This is rather a professional subject, but I introduce it here
in order to protest against the prejudice as almost entirely unfounded.
Quinine is invaluable in fever, and never produces any unpleasant effects
The captain was saved by it, without his knowledge, and I was thankful
that the mode of treatment, so efficacious among natives,
promised so fair among Europeans.

After waiting about six weeks at this unhealthy spot, in which, however,
by the kind attentions of Colonel Nunes and his nephew, I partially recovered
from my tertian, H. M. brig "Frolic" arrived off Kilimane.
As the village is twelve miles from the bar, and the weather was rough,
she was at anchor ten days before we knew of her presence about seven miles
from the entrance to the port.  She brought abundant supplies for all my need,
and 150 Pounds to pay my passage home, from my kind friend Mr. Thompson,
the Society's agent at the Cape.  The admiral at the Cape kindly sent
an offer of a passage to the Mauritius, which I thankfully accepted.
Sekwebu and one attendant alone remained with me now.
He was very intelligent, and had been of the greatest service to me; indeed,
but for his good sense, tact, and command of the language of the tribes
through which we passed, I believe we should scarcely have succeeded
in reaching the coast.  I naturally felt grateful to him;
and as his chief wished ALL my companions to go to England with me,
and would probably be disappointed if none went, I thought
it would be beneficial for him to see the effects of civilization,
and report them to his countrymen; I wished also to make some return
for his very important services.  Others had petitioned to come,
but I explained the danger of a change of climate and food,
and with difficulty restrained them.  The only one who now remained
begged so hard to come on board ship that I greatly regretted
that the expense prevented my acceding to his wish to visit England.
I said to him, "You will die if you go to such a cold country as mine."
"That is nothing," he reiterated; "let me die at your feet."

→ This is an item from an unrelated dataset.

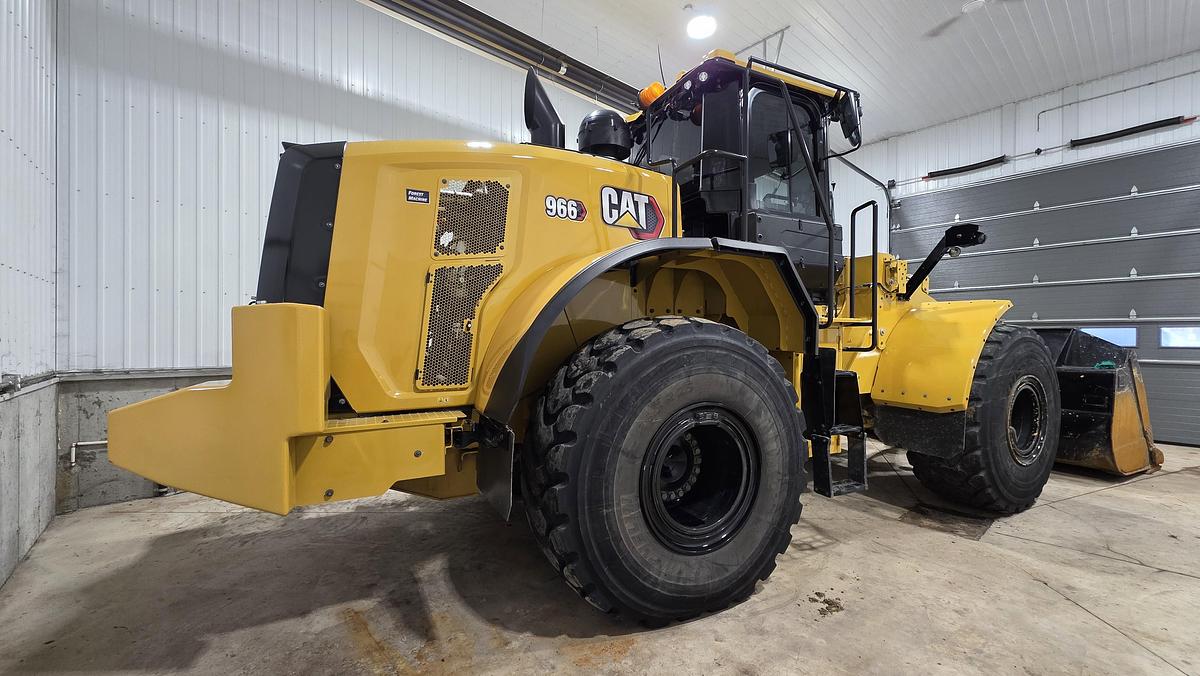 Used 2023 Caterpillar 966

When we parted from our friends at Kilimane, the sea on the bar was frightful
even to the seamen.  This was the first time Sekwebu had seen the sea.
Captain Peyton had sent two boats in case of accident.
The waves were so high that, when the cutter was in one trough,
and we in the pinnace in another, her mast was hid.  We then mounted
to the crest of the wave, rushed down the slope, and struck the water again
with a blow which felt as if she had struck the bottom.
Boats must be singularly well constructed to be able to stand these shocks.
Three breakers swept over us.  The men lift up their oars,
and a wave comes sweeping over all, giving the impression
that the boat is going down, but she only goes beneath the top of the wave,
comes out on the other side, and swings down the slope,
and a man bales out the water with a bucket.  Poor Sekwebu looked at me
when these terrible seas broke over, and said, "Is this the way you go?
Is this the way you go?"  I smiled and said, "Yes; don't you see it is?"
and tried to encourage him.  He was well acquainted with canoes,
but never had seen aught like this.  When we reached the ship
-- a fine, large brig of sixteen guns and a crew of one hundred and thirty --
she was rolling so that we could see a part of her bottom.
It was quite impossible for landsmen to catch the ropes and climb up,
so a chair was sent down, and we were hoisted in as ladies usually are,
and received so hearty an English welcome from Captain Peyton and all on board
that I felt myself at once at home in every thing except my own mother tongue.
I seemed to know the language perfectly, but the words I wanted would not come
at my call.  When I left England I had no intention of returning,
and directed my attention earnestly to the languages of Africa, paying none
to English composition.  With the exception of a short interval in Angola,
I had been three and a half years without speaking English,
and this, with thirteen years of previous partial disuse of my native tongue,
made me feel sadly at a loss on board the "Frolic".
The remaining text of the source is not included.